Configure your data repository - DLR-SC/DataFinder GitHub Wiki
DataFinder's primary use case is the management and archival of data of a designated community. I. e. DataFinder can be considered as data management framework providing common functionality, supporting data management and archival tasks but has always to be coustomized to reflect a community's needs. Thus, DataFinder supports members of such a community to organize their data in a common, standardized way and eases the identification of relevant data. This is particularly important within scientific communities in which one often encounters high employee fluctuation.
DataFinder allows you to map community's requirements by adaptation of the data repository configuration. The configuration consists of the following parts:
- The data model reflecting the relations and properties of your data.
- The storage configurations determining the storage resources used to persist data files.

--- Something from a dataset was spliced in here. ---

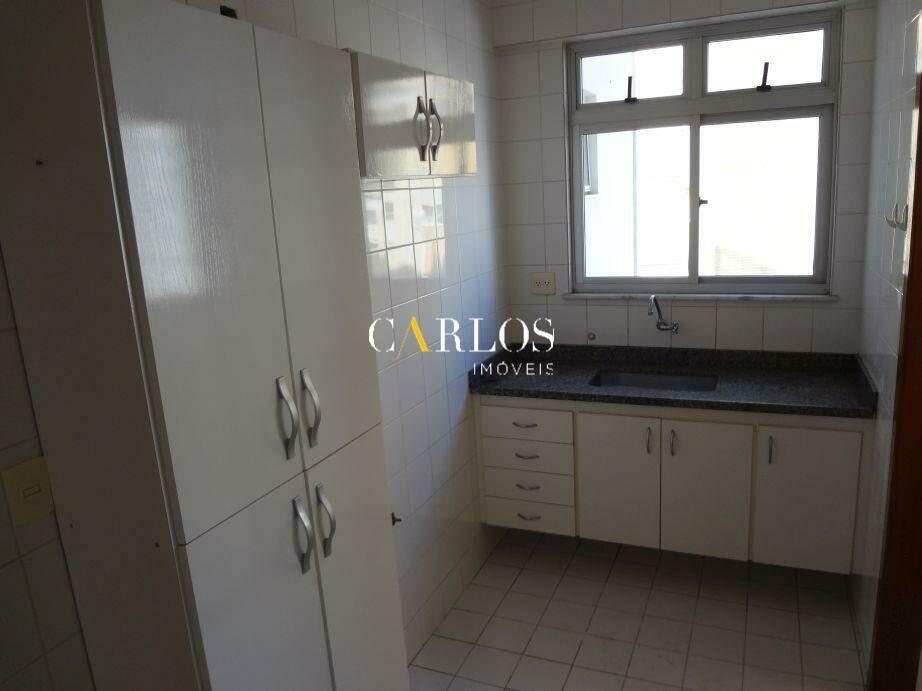 Apartamento, Buritis, 3 Quartos, 1 Vaga, 1 Suíte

- Script extensions customizing the DataFinder client to map specific working processes.
To determine the different configuration parts, we suggest following the steps of the below described process.
- Requirements Analysis In the first step you should analyze the designated community and their specific needs. Particularly, you should try to answer the following questions:
- What is the community's valuable data? What data has to be kept?
- How is data currently structured? Are there any specific relations?
- How are the different data objects connected with each other?
- What properties own the different data objects?
- What are their common working processes/best-practices?
- What tools are used to produce data? How are they connected?
- What IT infrastructure is available (already used file server etc.)? These things should be well documented as they form the basis of the next step.
- Configuration
- First you should create the data model in the administrator client: (FYI: xsd to datamodel.xml)
- Create data types to determine the required and optional meta data.
- Define relations which reflects the logical connections of the data types.
- Configure storage resource.
- Migration
- Customization